Deadline for Comments
Comments on the Proposed Rule are due on December 19, 2011.
The Proposing Release does not specify a compliance date. Unless the adopting release provides otherwise, Rule 127B will become effective upon the issuance of final rule.
Overview of Rule 127B
Section 621 of the Dodd-Frank Act prohibits securitization participants from entering into “any transaction that would involve or result in any material conflict of interest with respect to any investor in a transaction arising out of such activity.” Section 621 is intended to “prohibit underwriters, sponsors and others who assemble asset-backed securities from packaging and selling those securities and profit from the securities’ failures.”4
Prior to undertaking its rulemaking under Section 621, the SEC invited comments regarding how it should craft a proposed conflicts-of-interest rule.5 During that prerulemaking comment process, market participants urged the SEC to tailor its conflictsof- interest rule in a way that satisfies the intent of Section 621, as described above, without causing unnecessary adverse impacts on the markets for ABS by inadvertently prohibiting otherwise normal and commonly accepted features of many ABS transactions.6
In proposing Rule 127B, the SEC chose to issue a rule that tracks almost identically the broad provisions of Section 621 of the Dodd-Frank Act. Rule 127B reads as follows:
§230.127B Conflicts of interest relating to certain securitizations.

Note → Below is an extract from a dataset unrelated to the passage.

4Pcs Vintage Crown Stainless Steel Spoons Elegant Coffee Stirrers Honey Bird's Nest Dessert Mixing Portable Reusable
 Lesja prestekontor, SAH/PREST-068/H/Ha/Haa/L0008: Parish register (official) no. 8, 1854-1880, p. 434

- Unlawful activity. An underwriter, placement agent, initial purchaser, or sponsor, or any affiliate or subsidiary of any such entity, of an asset-backed security (as such term is defined in section 3 of the Securities Exchange Act of 1934 ( 15 U.S.C. 78c), which for the purposes of this rule shall include a synthetic assetbacked security), shall not, at any time for a period ending on the date that is one year after the date of the first closing of the sale of the asset-backed security, engage in any transaction that would involve or result in any material conflict of interest with respect to any investor in a transaction arising out of such activity.
Excepted activity. The following activities shall not be prohibited by paragraph (a) of this section:
- Risk-mitigating hedging activities. Risk-mitigating hedging activities in connection with positions or holdings arising out of the underwriting, placement, initial purchase, or sponsorship of an asset-backed security, provided that such activities are designed to reduce the specific risks to the underwriter, placement agent, initial purchaser, or sponsor associated with such positions or holdings; or
- Liquidity commitment. Purchases or sales of asset-backed securities made pursuant to and consistent with commitments of the underwriter, placement agent, initial purchaser, or sponsor, or any affiliate or subsidiary of such entity, to provide liquidity for the asset-backed security; or
- Bona fide market-making. Purchases or sales of asset-backed securities made pursuant to and consistent with bona fide marketmaking in the asset-backed security.
In the Proposing Release, the SEC acknowledges the concerns of ABS market participants that the rule not be overly broad, but chose to address those concerns by issuing, and requesting comment on, “interpretive guidance” in the Proposing Release.7 The following is a discussion of Rule 127B, as supplemented by the interpretive guidance provided by the SEC.
FIVE CONDITIONS REQUIRED IN ORDER FOR RULE 127B TO APPLY
The Proposing Release describes five conditions that must be present in order for Rule 127B’s prohibition on conflicts of interest to apply to a particular transaction. Click here to see those five conditions summarized in a chart.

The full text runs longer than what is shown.